▶ _Dataset records_

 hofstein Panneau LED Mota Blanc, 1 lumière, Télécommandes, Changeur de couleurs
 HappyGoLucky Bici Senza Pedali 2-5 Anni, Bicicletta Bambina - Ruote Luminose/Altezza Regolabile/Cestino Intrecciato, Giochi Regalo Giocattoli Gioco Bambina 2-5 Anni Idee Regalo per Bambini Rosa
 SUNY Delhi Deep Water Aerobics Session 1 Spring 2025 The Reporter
==
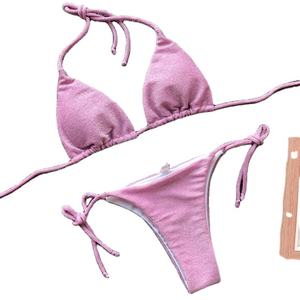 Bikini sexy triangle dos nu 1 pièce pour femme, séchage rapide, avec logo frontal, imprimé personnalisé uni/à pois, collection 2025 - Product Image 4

▶ _Task brief_
Set down, exactly as they stand above, the lines starting with the line with "HappyGoLucky Bici Senza" and going on through the line with "SUNY Delhi Deep", and no others.

▶ _Solved exercise_
 HappyGoLucky Bici Senza Pedali 2-5 Anni, Bicicletta Bambina - Ruote Luminose/Altezza Regolabile/Cestino Intrecciato, Giochi Regalo Giocattoli Gioco Bambina 2-5 Anni Idee Regalo per Bambini Rosa
 SUNY Delhi Deep Water Aerobics Session 1 Spring 2025 The Reporter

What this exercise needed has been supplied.